> Description of the task
Copy each line in the data that includes the word "qualquer".

[Image-text web data]
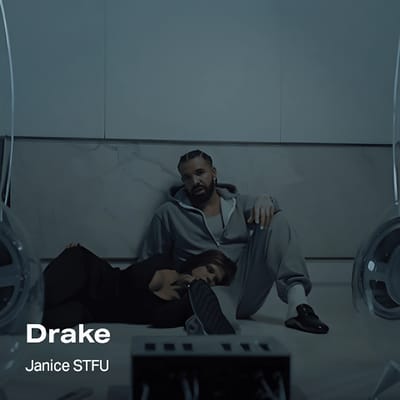 Drake - Janice STFU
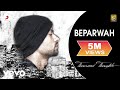 Bohemia Beparwah feat. Devika Full Video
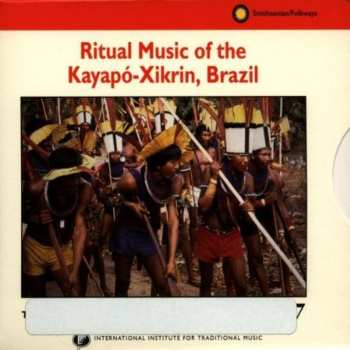 Album Kayapo: Ritual Music Of The Kayapó-Xikrin, Brazil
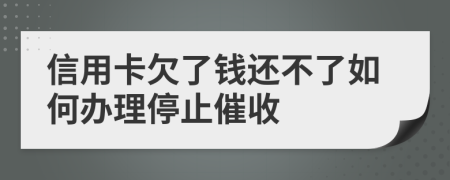 信用卡欠了钱还不了如何办理停止催收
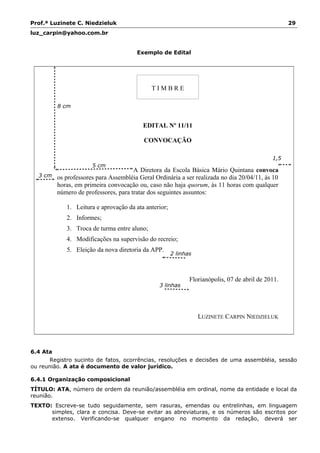 Prof.ª Luzinete C. Niedzieluk 29
luz_carpin@yahoo.com.br
Exemplo de Edital
T I M B R E
EDITAL Nº 11/11
CONVOCAÇÃO
A Diretora da Escola Básica Mário Quintana convoca
os professores para Assembléia Geral Ordinária a ser realizada no dia 20/04/11, às 10
horas, em primeira convocação ou, caso não haja quorum, às 11 horas com qualquer
número de professores, para tratar dos seguintes assuntos:
1. Leitura e aprovação da ata anterior;
2. Informes;
3. Troca de turma entre aluno;
4. Modificações na supervisão do recreio;
5. Eleição da nova diretoria da APP.
Florianópolis, 07 de abril de 2011.
LUZINETE CARPIN NIEDZIELUK
6.4 Ata
Registro sucinto de fatos, ocorrências, resoluções e decisões de uma assembléia, sessão
ou reunião. A ata é documento de valor jurídico.
6.4.1 Organização composicional
TÍTULO: ATA, número de ordem da reunião/assembléia em ordinal, nome da entidade e local da
reunião.
TEXTO: Escreve-se tudo seguidamente, sem rasuras, emendas ou entrelinhas, em linguagem
simples, clara e concisa. Deve-se evitar as abreviaturas, e os números são escritos por
extenso. Verificando-se qualquer engano no momento da redação, deverá ser
5 cm
2 linhas
1,5
cm
8 cm
3 linhas
3 cm
 
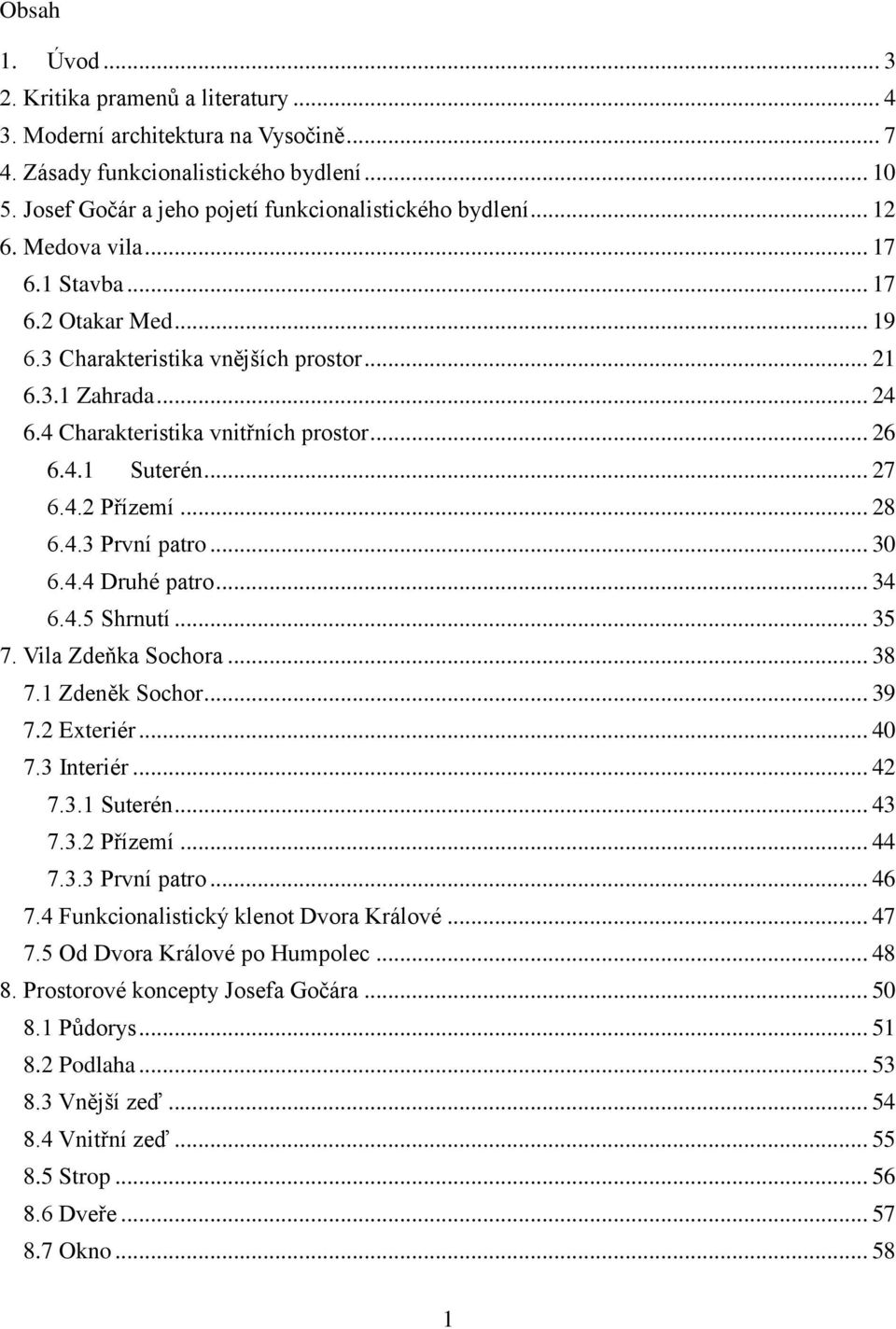 .. 28 6.4.3 První patro... 30 6.4.4 Druhé patro... 34 6.4.5 Shrnutí... 35 7. Vila Zdeňka Sochora... 38 7.1 Zdeněk Sochor... 39 7.2 Exteriér... 40 7.3 Interiér... 42 7.3.1 Suterén... 43 7.3.2 Přízemí.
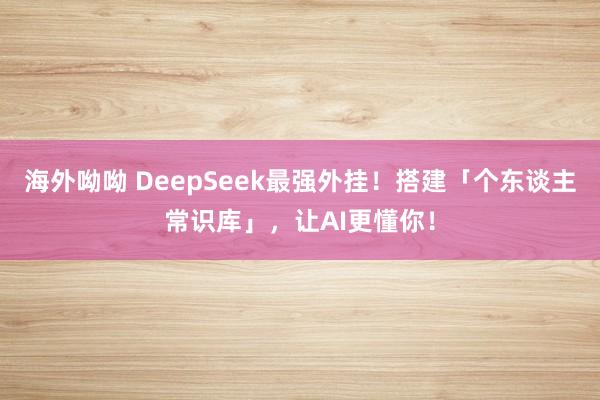 海外呦呦 DeepSeek最强外挂！搭建「个东谈主常识库」，让AI更懂你！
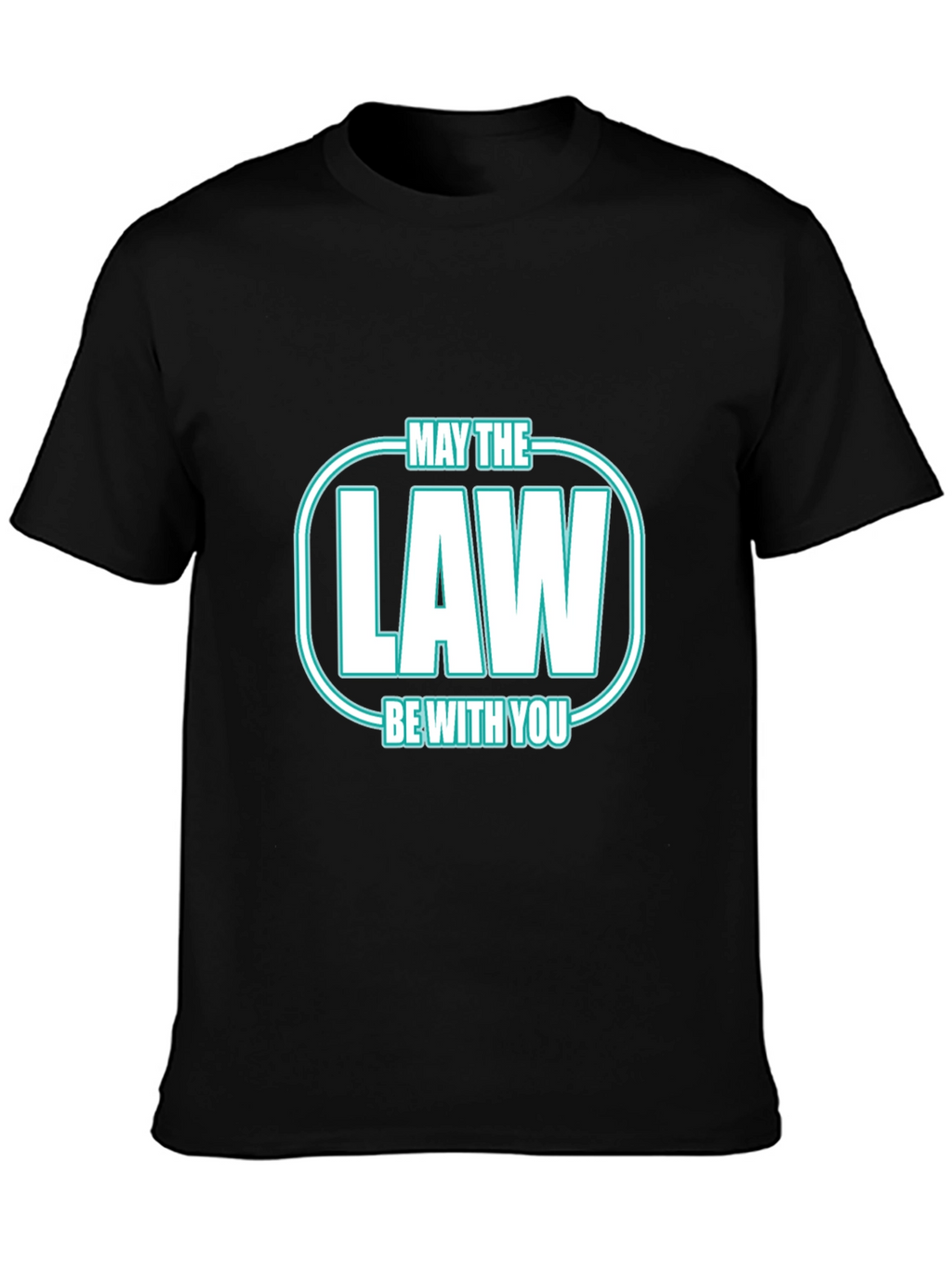 May The Law Be With You T-Shirt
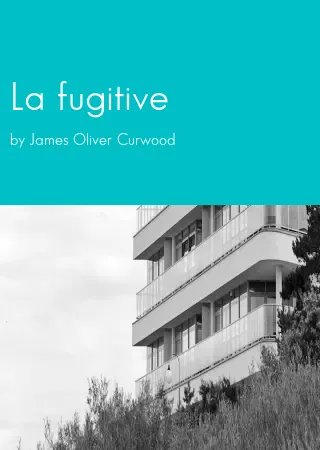 La fugitive by James Oliver Curwood pdf Book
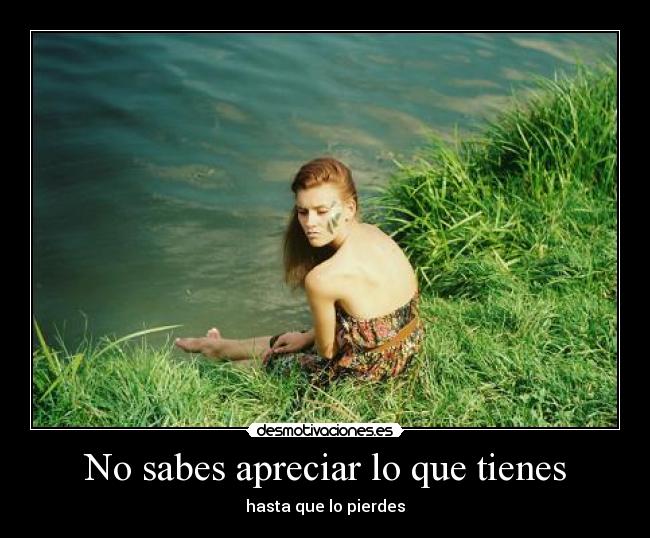 No sabes apreciar lo que tienes - hasta que lo pierdes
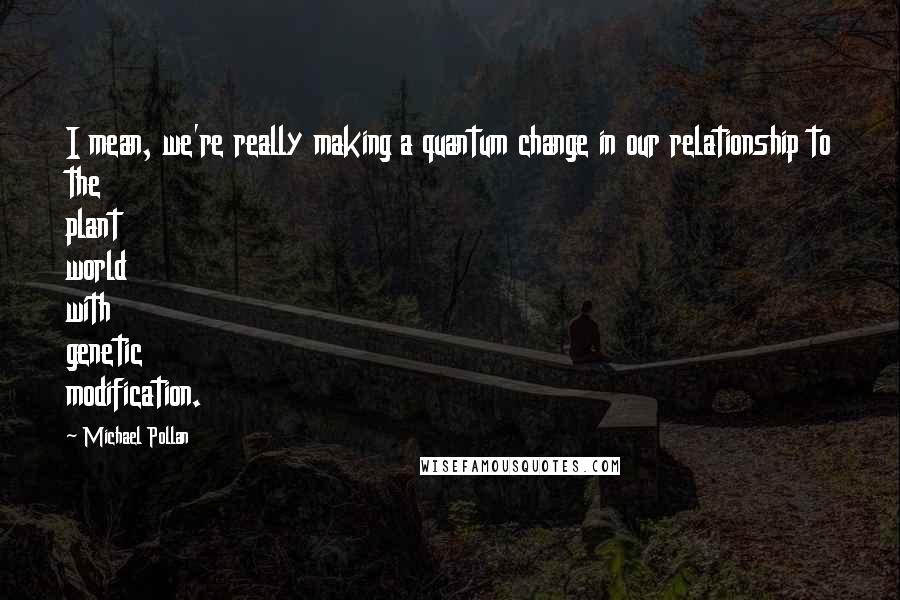 Michael Pollan Quotes: I mean, we're really making a quantum change in our relationship to the plant world with genetic modification.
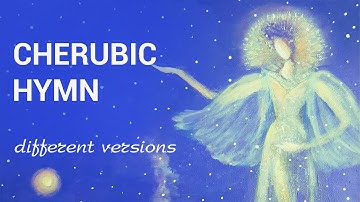 5 Unique Versions of the Cherubic Hymn
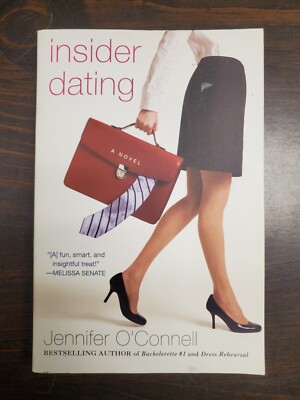 Insider Dating by Jennifer O'Connell (2007, Trade Paperback)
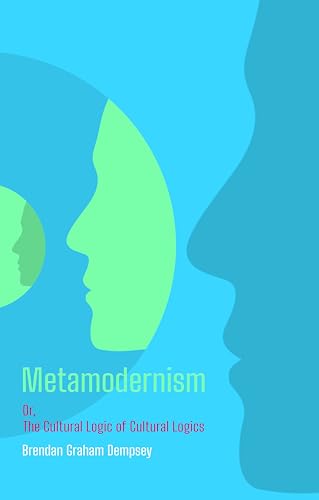 Brendan Graham Dempsey: Metamodernism (2023, ARC Press)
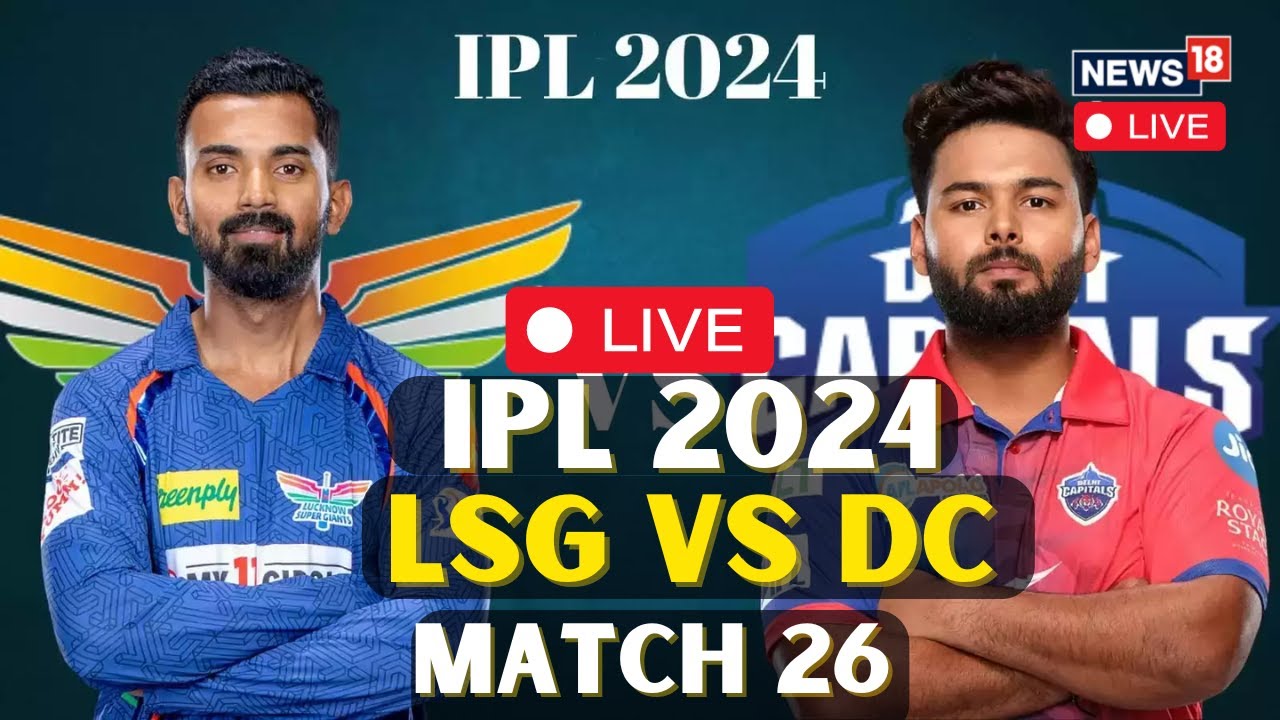 LSG vs DC Live | IPL 2024 News | Delhi Capitals Defeat Lucknow Super Giants By Six Wickets | N18L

> Solution below
horas, em primeira convocação ou, caso não haja quorum, às 11 horas com qualquer
extenso. Verificando-se qualquer engano no momento da redação, deverá ser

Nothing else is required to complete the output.